The music continued to play. Daisy had switched to a different flute. I was still deep in that place inside myself and as the music slowly trailed off, I followed the notes back from the planes of inner consciousness to the bed in front of the altar in the healing centre as the rays of the hot Arizona sun poured in through the window shades. I was relaxed, re energized and felt that I had let go of energies that I had been carrying around for many many years -- the daughter I had planned to have but never did and the sister that maybe my parents had planned to have but also never did. Daisy had just facilitated a powerful healing at the Women's Birthing Altar.

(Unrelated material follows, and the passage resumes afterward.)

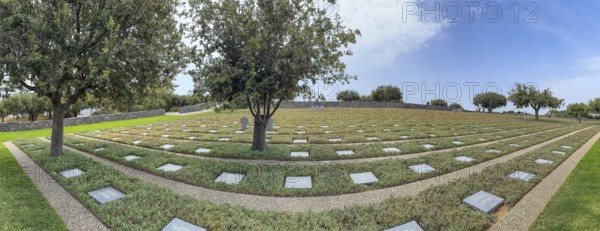Panoramic photo wide view over part of German military cemetery inaugurated in 1974 by Volksbund Deutsche Kriegsgräberfürsorge on former battlefield in World War II heavily contested hill Height 107, Maleme, Crete, Greece, Europe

When I later talked to Daisy and told her about my experiences she was thrilled to find out about the little girl and the once sad sister who had come to me. She had done a lot of work rebirthing women and birthing the spirits of babies who had been aborted or miscarried but this was the first time that a child that had never been conceived had appeared and she was thrilled at the new direction this was taking the work of the healing centre .... more to follow
Lessons Learned: 1) Spirit works in mysterious ways, 2) Our wishes, hopes and desires can and do manifest in the world of spirit before they manifest in the world of form. Sometimes healing involves giving birth to those wishes, hopes and desires we have forgotten we at one point had, 3) Letting go of the old allows us to let in the new.
staywell and travel with Spirit in Beauty and Truth, Spirit Traveller.